__Recorded information__.
<<<<
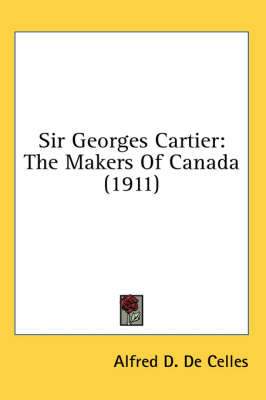 Sir Georges Cartier - Alfred D de Celles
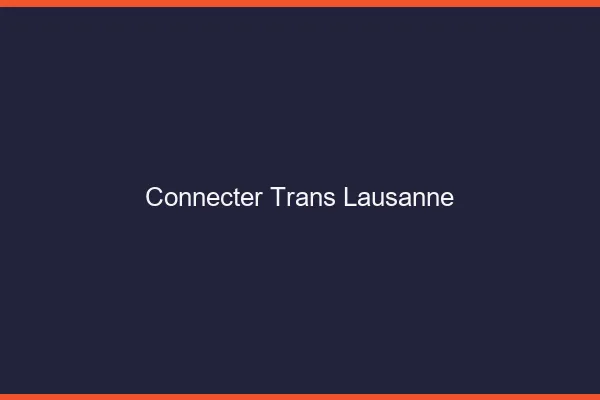 Connecter trans Lausanne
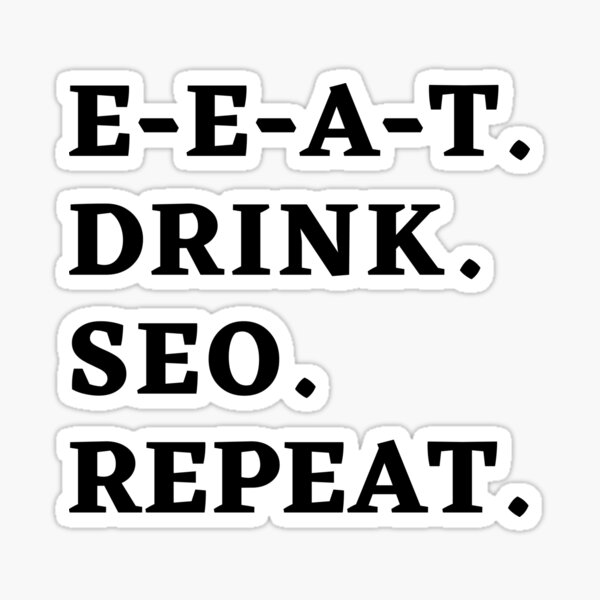 Item preview, E-E-A-T. Drink. SEO. Repeat. - The SEO Master's Motto (white color theme) designed and sold by Motive Union.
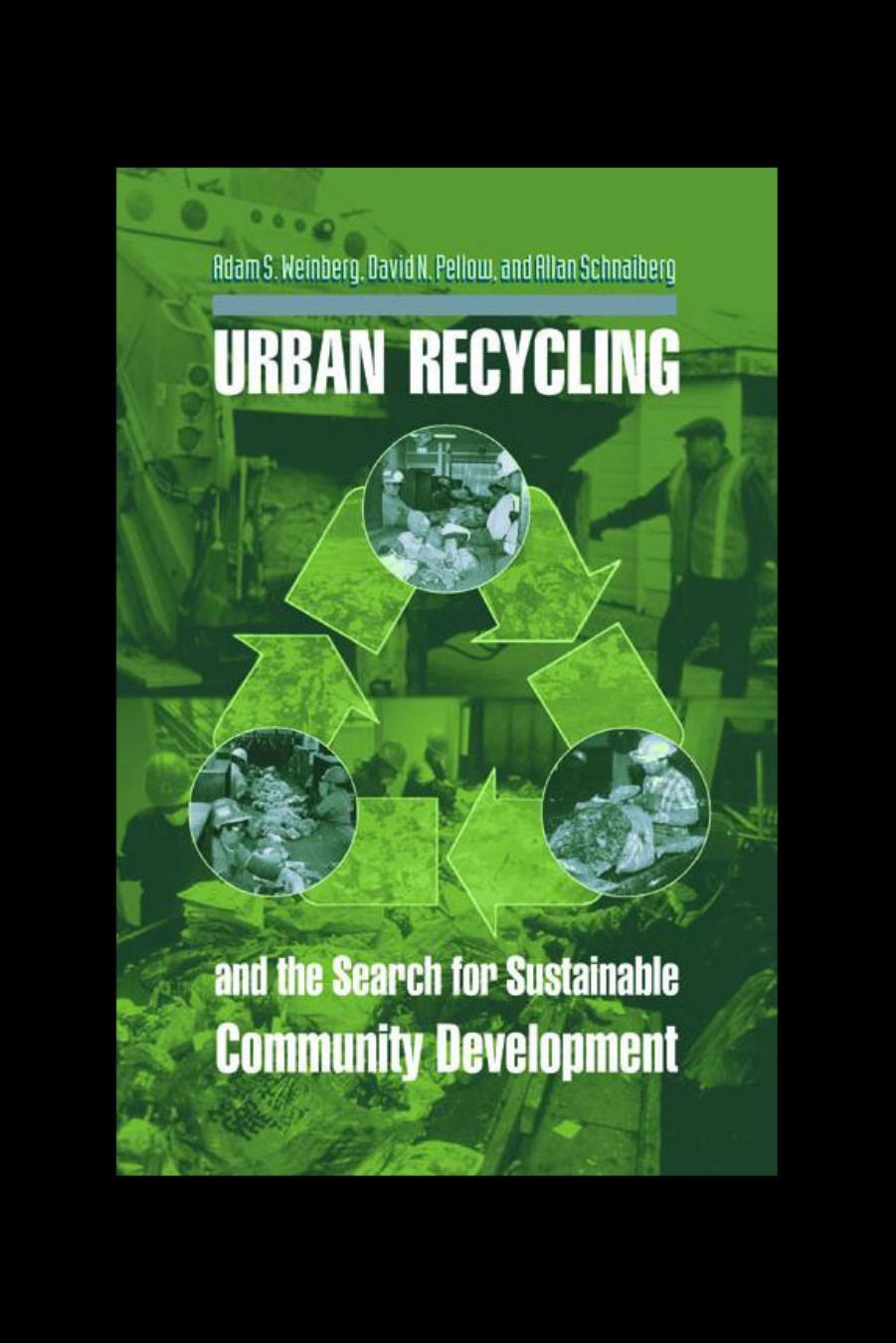 Urban Recycling and the Search for Sustainable Community Development by Adam S. Weinberg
>>>>
__What to do__.
Lines before the one containing "Item preview, E-E-A-T." are not wanted; repeat that line and the rest of the listing exactly, leaving out pictures.

__Response__.
 Item preview, E-E-A-T. Drink. SEO. Repeat. - The SEO Master's Motto (white color theme) designed and sold by Motive Union.
 Urban Recycling and the Search for Sustainable Community Development by Adam S. Weinberg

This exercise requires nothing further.